Encapsulated TLS Handshakes

Fundamental to all proxying and tunneling is the concept of nested protocol stacks, where one protocol is encapsulated within another. For example, when using a TLS-based proxy, a user’s HTTPS connection (which already uses TLS) gets encapsulated within another TLS connection between the user and the proxy server, creating a distinctive “TLS-over-TLS” pattern.

While the content of encrypted proxy traffic is not visible to network observers, the distinctive patterns of encapsulated TLS handshakes remain detectable through side-channel information like packet size, timing, and direction. These patterns serve as reliable fingerprints for identifying proxy traffic, as they indicate redundant protocol stacking not typically found in legitimate connections.

An overview of CenTrace's operation

Figure 1: TLS handshakes inside TLS-based proxy connections: This diagram shows how TLS handshakes are encapsulated in proxy traffic. On both sides, we see the protocol layers: TCP handshake, cover TLS handshake between proxy client and server, followed by the obfuscated proxy protocol. The red-boxed messages highlight the encapsulated TLS handshake (between browser and website) that occurs inside the encrypted tunnel. These encapsulated handshakes create distinctive patterns in packet size, timing, and direction that remain observable even after encryption, forming the basis of our detection technique. The left side shows TLS 1.2, which requires more round trips compared to the more efficient TLS 1.3 protocol on the right.

Detection Framework

We developed a practical detection framework using similarity-based classifiers that analyze packet sequences for patterns indicative of encapsulated TLS handshakes:

  1. Chi-squared Test: Detects local patterns in packet size sequences characteristic of TLS handshakes
  2. Mahalanobis Distance: Examines aggregated traffic dynamics across multiple packets

Our approach is entirely passive, requiring no active probing, and can be deployed at scale by a network operator.
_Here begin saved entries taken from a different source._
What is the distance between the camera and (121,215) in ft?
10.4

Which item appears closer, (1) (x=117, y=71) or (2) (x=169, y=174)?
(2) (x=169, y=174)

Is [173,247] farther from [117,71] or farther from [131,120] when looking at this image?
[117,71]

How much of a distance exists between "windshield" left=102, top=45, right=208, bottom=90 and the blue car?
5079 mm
During a 30-day evaluation inside a mid-size ISP, our framework processed over 110 million flows with remarkably low false positive rates.
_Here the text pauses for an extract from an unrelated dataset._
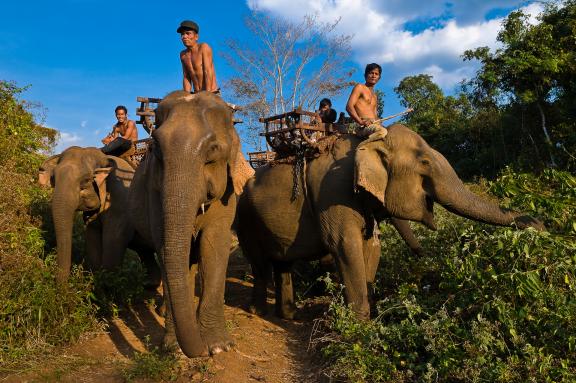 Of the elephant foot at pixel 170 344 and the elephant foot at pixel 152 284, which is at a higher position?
the elephant foot at pixel 152 284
Implications for Circumvention Tool Developers

Our findings reveal a fundamental vulnerability in current obfuscation approaches. Rather than focusing solely on making cover protocols look “random” or mimicking legitimate protocols, developers should consider:

  1. Embracing Stream Multiplexing: Combining multiple application streams in a single connection significantly reduces fingerprinting accuracy
  2. Implementing Dedicated Obfuscation Layers: Decoupling obfuscation from encapsulated application streams to allow maximum flexibility in traffic shaping
  3. Addressing Inherent Limitations: Understanding that current padding and multiplexing approaches cannot reduce traffic burst sizes or the number of round trips required by nested protocols

Conclusion

Our research demonstrates that detecting obfuscated proxy traffic is possible by exploiting encapsulated TLS handshakes, even with random padding and multiple layers of encapsulation. This presents a significant shift in the censorship circumvention arms race, focusing on patterns created by nested protocol stacks rather than characteristics of individual protocols. While stream multiplexing shows promise as a mitigation technique, current obfuscation approaches based solely on padding and multiplexing are inherently limited. Proxy developers should be aware of these limitations, anticipate the potential exploitation of encapsulated TLS handshakes by censors, and equip their tools with proactive countermeasures. With the increasing importance of Internet freedom globally, understanding these vulnerabilities is crucial for developing more robust circumvention tools that can withstand sophisticated traffic analysis.